"I wanted the house flooded with light," says Liz, "but the zoning board doesn't allow big cathedral windows. So we went with lots and lots of the small, narrow, double-hung windows you would have found here years ago." French doors and skylights, both frowned upon by preservationists, were another struggle. "I just kept going back to them," says Liz, explaining her eventual success.

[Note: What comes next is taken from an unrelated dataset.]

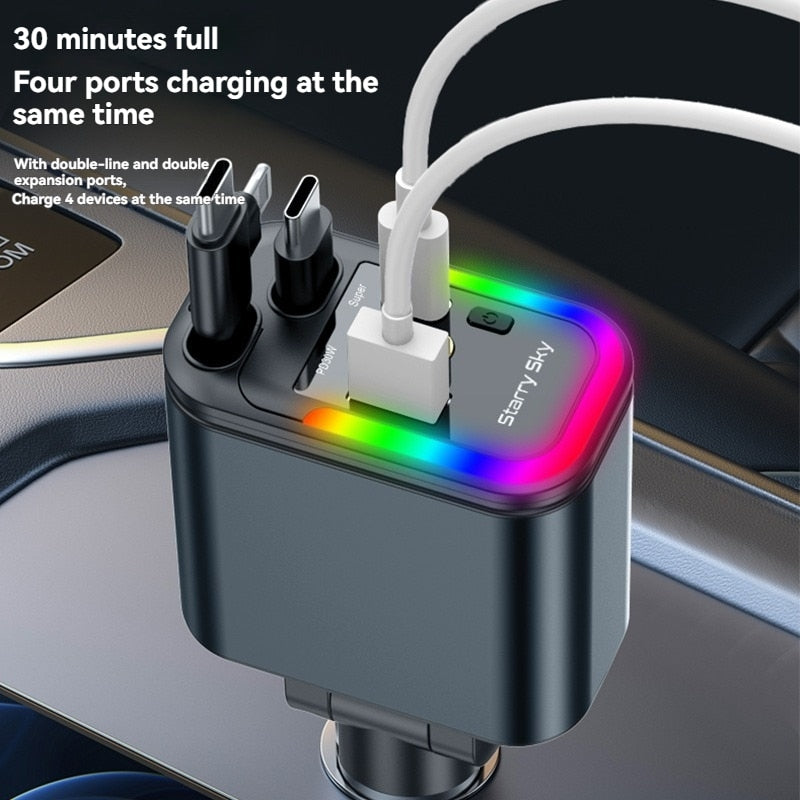 Încărcător Auto 5 în 1 cu Cabluri Retractabile USB-C și Lightning, Porturi USB și Proiector Starlight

Builder Fahrlander worked miracles on the sheds. "They were in really bad shape—some of the worst I've seen in 30 years here," he says. Wearing masks, he and his team hosed them down with bleach solution to kill mold and any diseases from the rodent remains and bear droppings left behind. Then they dug out the two feet of vermin carcasses and debris that had accumulated inside over the years and rebuilt the sheds from the inside out, reusing whatever materials they could.

For the interiors, the Curriers had a vision of a frontier house constructed with decorative and ruggedly beautiful materials. So they again consulted Fahrlander, who specializes in working with salvaged goods, then spent nights scouring the Internet for old flooring, fixtures, and doors. "Most dealers will send you samples," says Liz of working off the Web. "You just need to be focused on what you want."



The home's 300-year-old eastern heart pine floors came from farmhands' quarters on a Virginia apple orchard; its 100-year-old doors were recovered from Mexican haciendas; and its enormous ceiling trusses, from an Oregon warehouse. Luckily for the homeowners, Fahrlander knew what to expect when dealing with reclaimed building materials. "At times it was a logistical nightmare for Mike," says Liz.



So strong was the pull of the Rocky Mountains hideaway that the Curriers just finished their latest project; one where, like homesteaders before them, they bed down each night in tin-roofed sheds.